No-Ad works for me and seems to last longer than other brands between reapplication.


----------



## aardvark (Apr 13, 2011)

Cycling cap? I only put sunblock on my cheeks as they are the only place on my body that burns during an all day epic.


----------



## Special Eyes (Feb 2, 2011)

Yeah, just don't put any above your eyes.


----------



## Sisophous (Jun 7, 2010)

I suggest you wear a headband. It will help absorb the perspiration from dripping into your eyes. I wear a Nike or Rebok headband and they are always wet by the end of my short rides. Pearl Izumi sells an excellent headband, they are not cotton yet air dry very fast, costs $12 each on-line and last for years. Like other mention, don't put any sunblock above your eyes and don't wipe your forehead with your forearm.

http://www.altrec.com/pearl-izumi/transfer-lite-headband

The above website that sells the Pearl Izumi headbands charges $6.95 for ground shipping. I'm going to try to pick one up at a shop to save the money.


----------



## bparrino (Jul 2, 2008)

To me, Bullfrog has always worked the best. It's a quick drying gel that has never run into my eyes. I've survived a couple of RAGBRAIs using Bullfrog every day.


----------



## D&MsDad (Jul 17, 2007)

Banana Boad Kids, Tear Free works for me.

The NO-AD stuff, even the sports formulation, stings my eyes (I wear contact lenses). Just goes to show, different stuff works for different people.




-----------------------------


----------



## jsk0307 (Apr 25, 2011)

I use Coppertone Sport Faces.


----------



## RUFUSPHOTO (Oct 14, 2010)

Cycling cap.
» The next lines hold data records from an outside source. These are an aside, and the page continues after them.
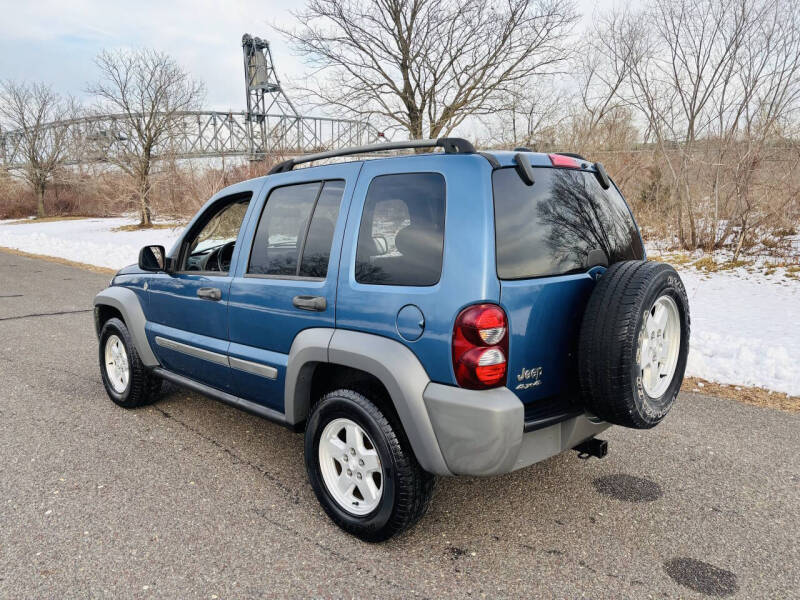 2005 Jeep Liberty Sport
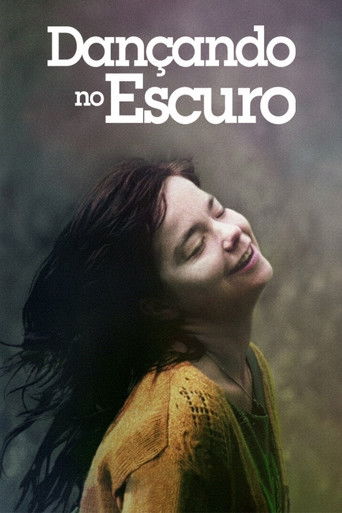 capa dançando no escuro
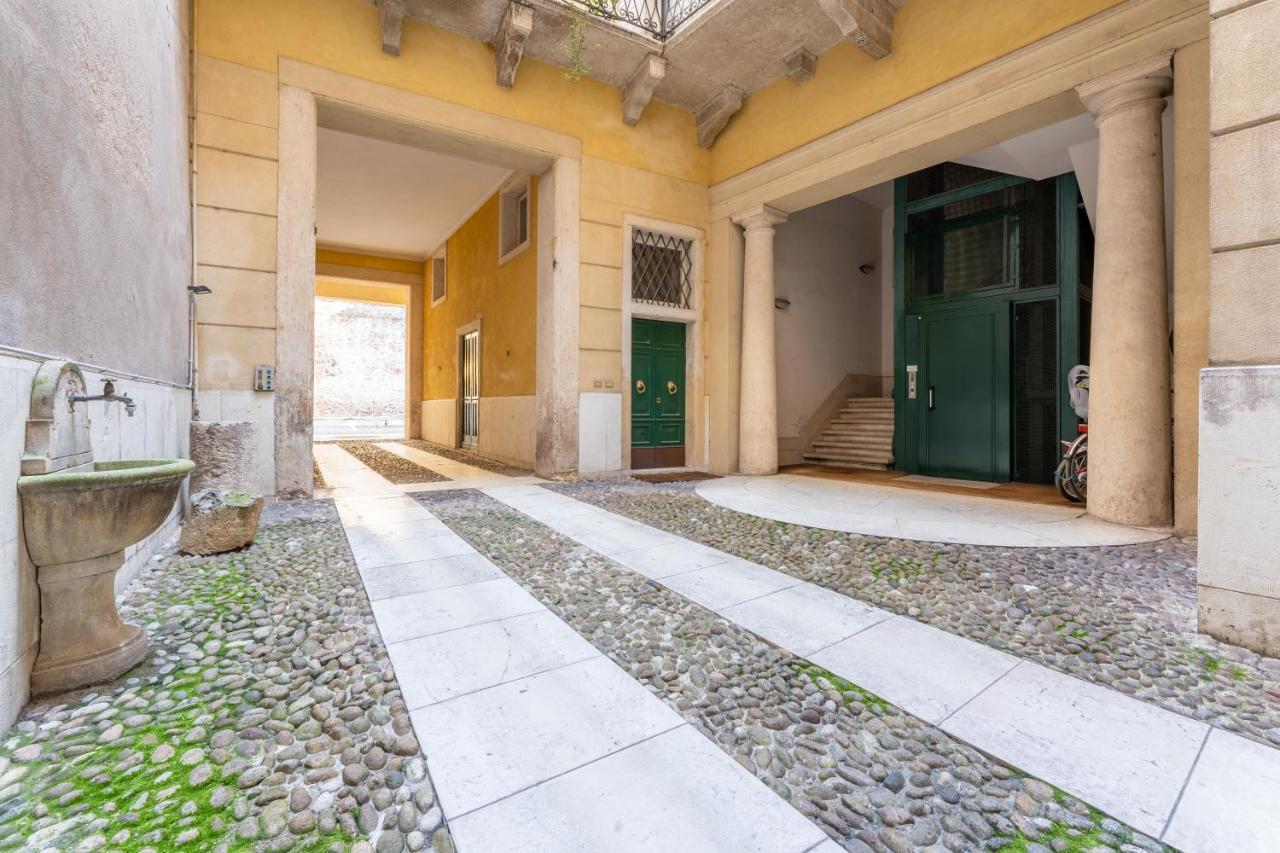Corso Cavour Luxury Apartment Verona Eksteriør bilde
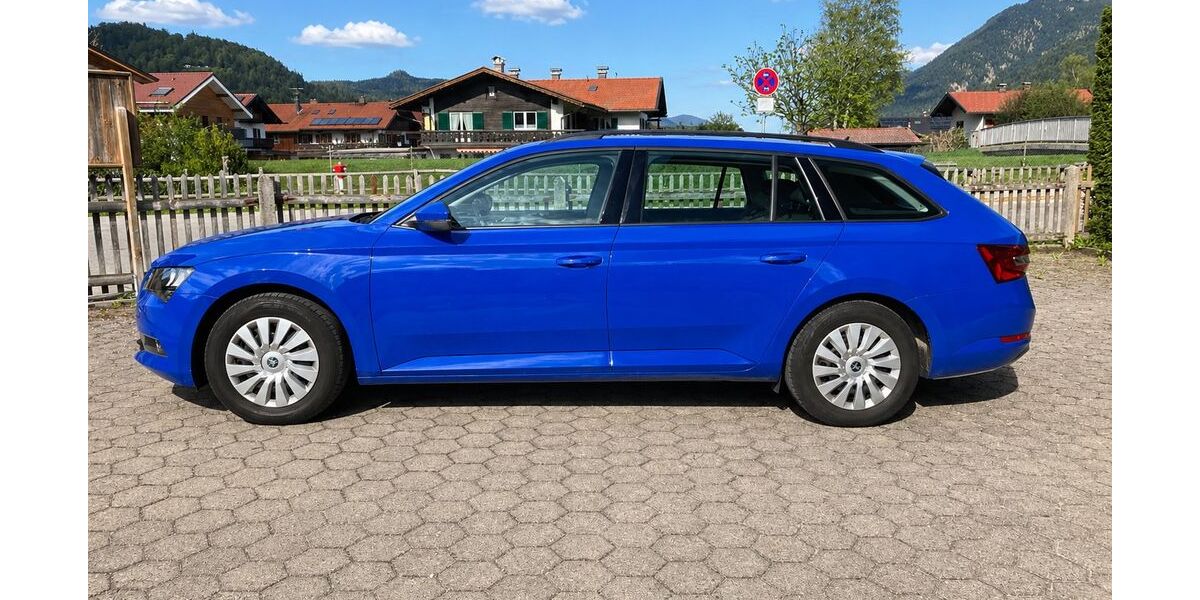 Skoda Superb 69.700 km 19.490 &euro; Krün 82494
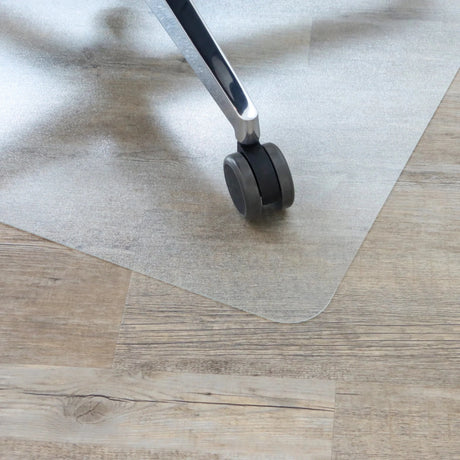 Tappetino trasparente PUNOMAT per pavimenti duri con una rotella per sedia da ufficio di Kottig
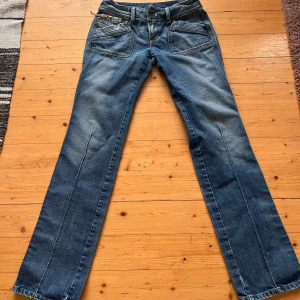 Blå jeans från Diesel med dragkedjedetalj - Superfina lowwaist bootcut diesel jeans i jättebra skick! strl 28 men tycker de sitter som 26/27!                                        midjemåttet är 36cm tvärsöver och innerbenslängden 85cm!                                          pris går att diskuteras vid snabb affär! 💓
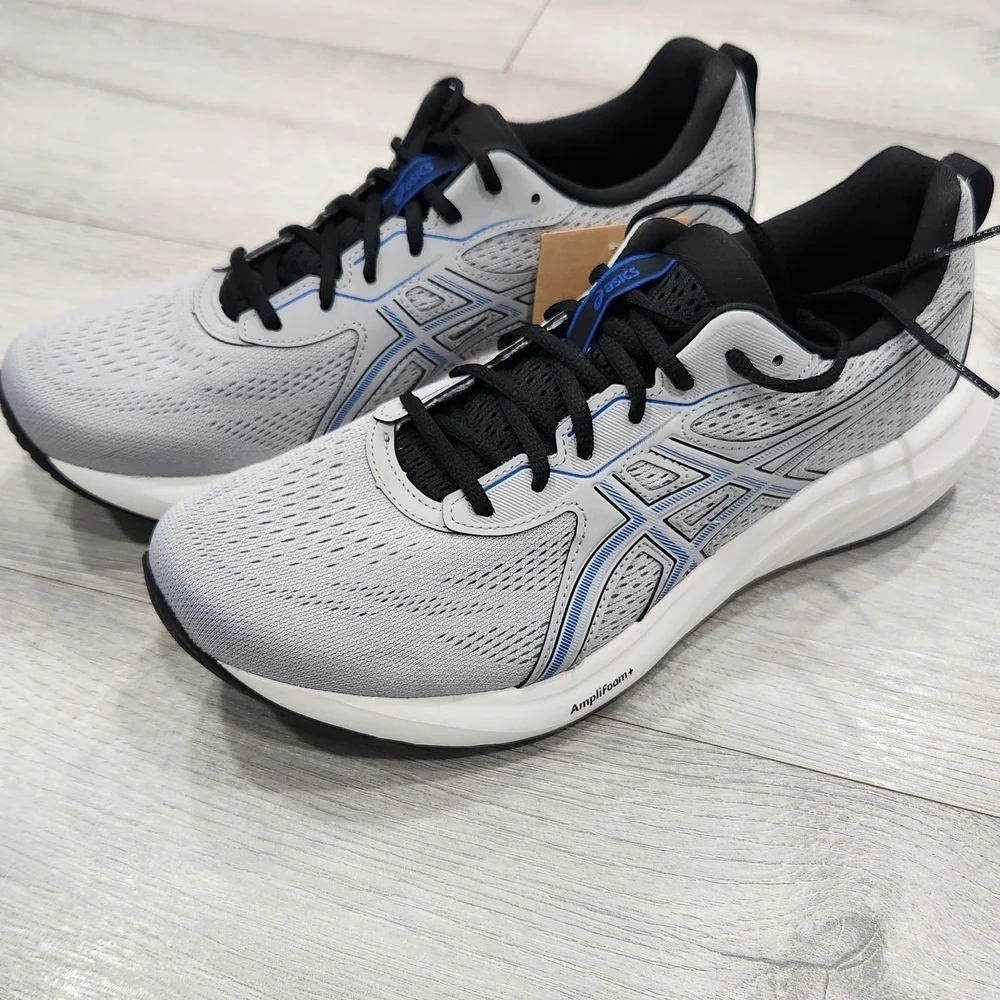 Asics stylish running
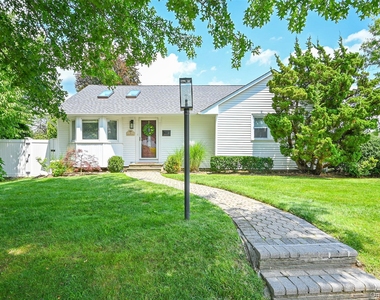 5 Cheshire Avenue - Photo Thumbnail 1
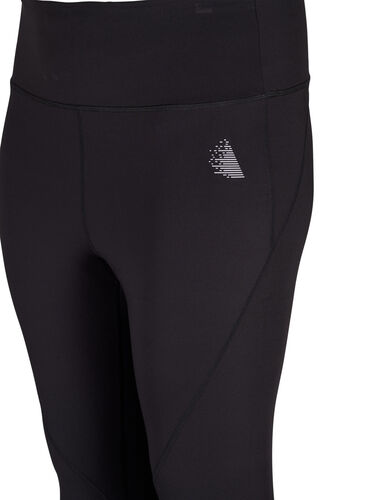 CORE, V-SHAPE DEFINE TIGHTS - Cropped treningstights med V-form bak, Black, Packshot image number 2
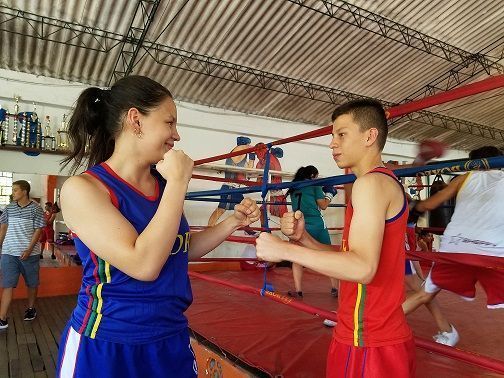 Los únicos golpes que valen la pena son los del boxeo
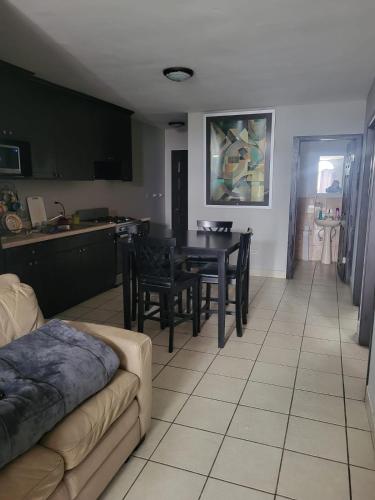 a kitchen and dining room with a table and chairs at Departamentos Velasco Recamaras in Tijuana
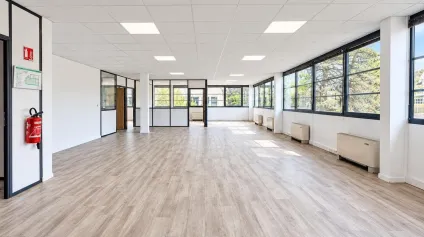 BUREAUX EN ETAGE À LOUER AU SEIN D'UN ENVIRONNEMENT AGRÉABLE<br /> - Offre immobilière - Arthur Loyd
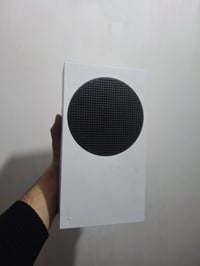 Xbox Series S • ٥١٢GB • يد أصلية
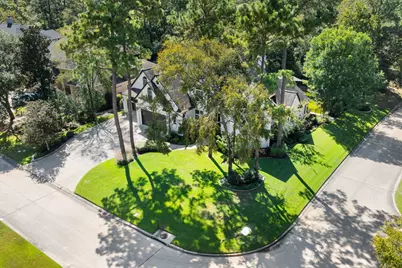 70 E Bracebridge Circle, The Woodlands, TX 77382 - Photo 8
Best $10 that I have ever spent for biking.


----------



## Jerry-rigged (Jul 24, 2009)

Bullfrog for kids, continuous spray.

Smells like bubblegum, does not burn the eyes, lasts all day. I just close my eyes and spray my face good. No sunburned nose, eyelids, foreheads, etc...


----------



## tfinator (Nov 4, 2009)

For surfing, Neutrogena makes a few face specific sunblocks that after years I have found to be fantastic. They protect well, don't run, but a few of them don't sink in ALL the way. 
Also Aloe Kote is very awesome. A 1oz. tin would last me 10 weeks of running a surf camp for kids (35 hrs/week @ beach) when applied twice daily to nose, forehead, and ears.


----------



## greywell7 (Jul 12, 2010)

+1 banana boat


----------



## SOME_1_ELSE_1999 (Apr 22, 2011)

+ 1 for bullfrog used it my whole life (dont need the kids version either) its water proof as well so if you decide its too hot and jump in a lake or pool no need to reapply! I swear by the stuff and always recomend it to every one who asks about sunblock


----------



## SOME_1_ELSE_1999 (Apr 22, 2011)

+ 1 for bullfrog used it my whole life (dont need the kids version either) its water proof as well so if you decide its too hot and jump in a lake or pool no need to reapply! I swear by the stuff and always recommend it to every one who asks about sunblock


----------



## Bill2 (Oct 14, 2007)

Sweat itself burns my eyes. I usually dab them with my sleeves if it gets bad. When climbing I take off the Oakleys and stick them in helmet vents, so the eye-threatening sweat evaporates better. Sunscreen I use Cetaphil daily facial moisturizer SPF 15 (not sure if it burns my eyes or not though).


----------



## Salsa_Lover (Jul 6, 2008)

a cotton cycling cap


----------



## wetpaint (Oct 12, 2008)

Coppertone Sport


----------



## tarwheel2 (Jul 7, 2005)

Coppertone Sport works for me. Also a wicking headcover like Head Sweats will help keep sweat out of your eyes.


----------



## Tommy Walker (Aug 14, 2009)

Head sweats have been added to my gear; I was riding a few weeks ago in sweltering heat and crying with everything running into my eyes. I probably wouldn't put sunblock on my forehead.


----------



## JimmyORCA (Mar 18, 2008)

I love using Halo head bands, it moves the sweat away from my eyes.


----------



## Cycleyes (Jun 14, 2011)

I think it all comes down to how sensitive your eye's are. Product A may work great for some people and cause eye irritation for others. I have yet to find one that does not at some point get in my eye's and cause some irritation.


----------



## cropduster (May 10, 2011)

The neutrogena sport face and any other brand designed for "sport and face" i.e. coppertone are made specifically so they won't burn your eyes when you sweat.


----------



## krott5333 (Oct 2, 2009)

i use coppertone sport, works fine


----------



## steve530 (Mar 31, 2011)

JimmyORCA said:


> I love using Halo head bands, it moves the sweat away from my eyes.


That's what I use. Keeps the sweat out of my eyes and the glasses dry.


----------



## hawker12 (Oct 19, 2003)

Thanks guys I'll try a couple of these and maybe the Halo bands. A couple of days ago I had to pull over three times because the stinging got so bad and then just rode the last three miles with one eye closed.

Not good.


----------